SVMs in practice

Binary classification is a type of supervised learning that involves prediction over two classes. Examples of binary classification problems include determining whether an email is spam or "ham" (non-spam), or whether or not a customer is likely to convert based on how they have engaged with promotional material.

Support vector machines, or SVMs for short, are a common binary classification technique known for its versatility and robustness. In a nutshell, SVMs rely on constructing the boundary that creates maximum separation between the two classes—the one that has maximum margin from the nearest points of the classes.

Compared to other binary classification approaches, SVM models exhibit good generalisation, perform well on high-dimensional data, and are known to be easier to interpret. On the other hand, due to their non-probabilistic nature, ordinary SVMs do not directly output probability distributions or confidence scores over classes.

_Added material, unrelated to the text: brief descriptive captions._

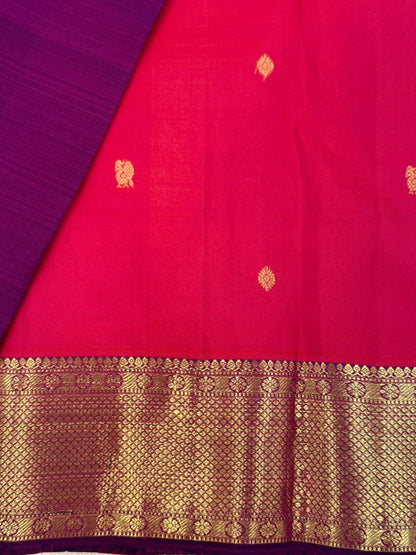 Tomato Red and Gold Handwoven Kanjivaram Saree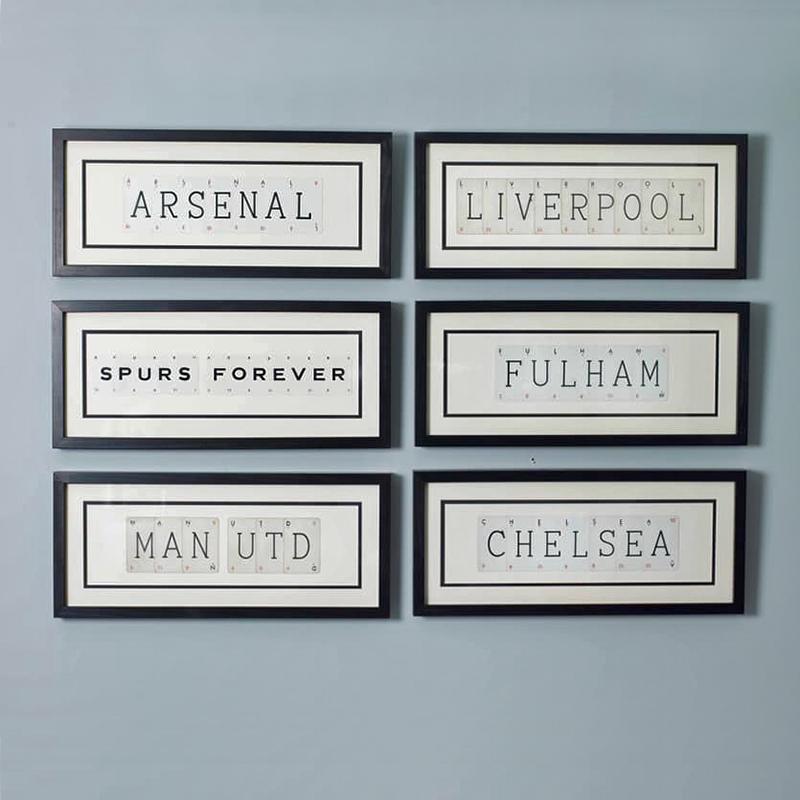 Vintage Playing Cards ARSENAL Football Club Team Word Wall Picture Frame Group of Six Football Clubs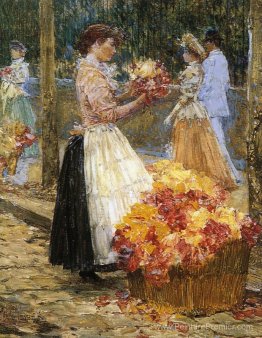 Femme qui vend des fleurs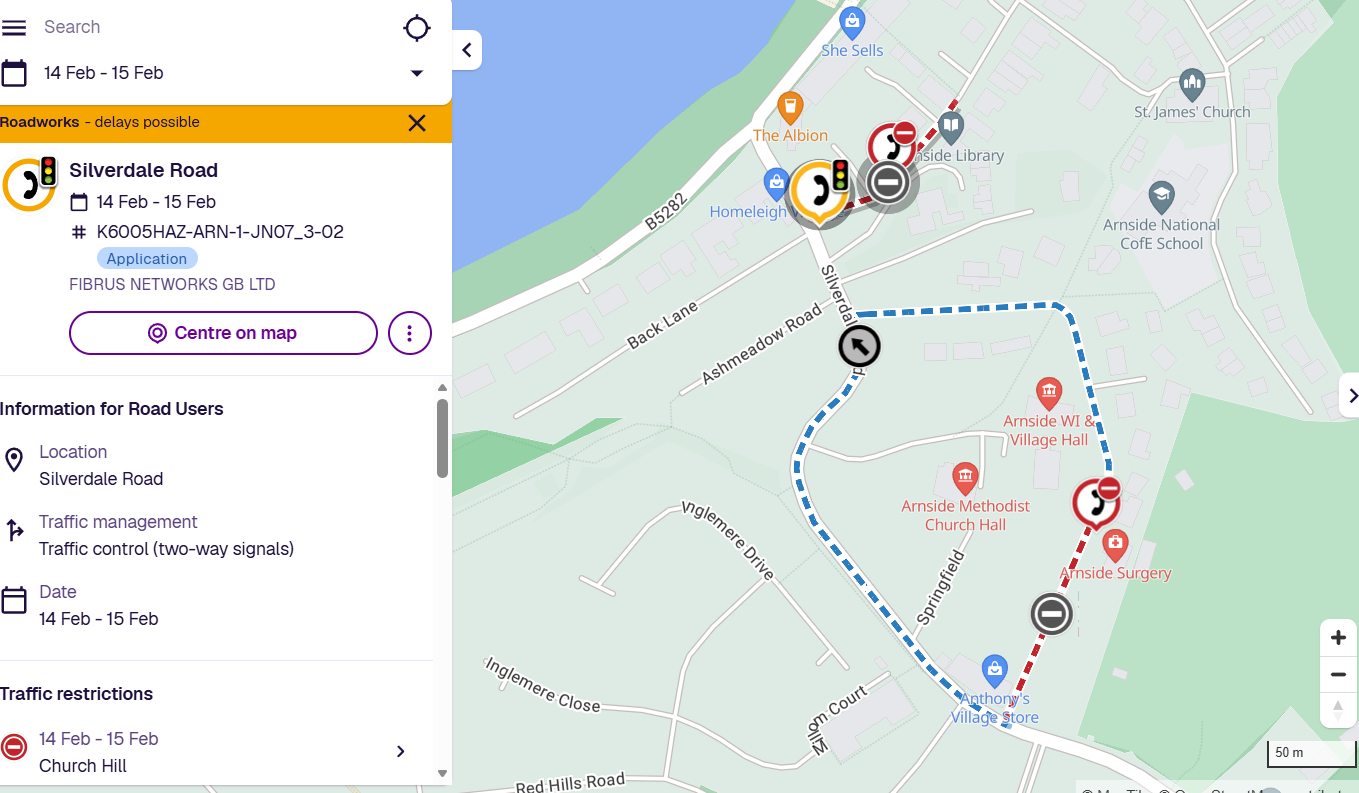Temporary Road Closure Church Hill Arnside 14th February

As with all binary classifiers, the performance of SVMs can be quantified using a variety of metrics such as precision, recall (sensitivity), and specificity (selectivity). In general, dimensionality reduction is often employed to boost the accuracy and performance of all types of predictive models, including SVMs.

SVMs are available in a number of well-known machine learning libraries such as Python's scikit-learn. Internally, scikit-learn utilises libsvm and liblinear that are implemented in C++ to efficiently handle all computations.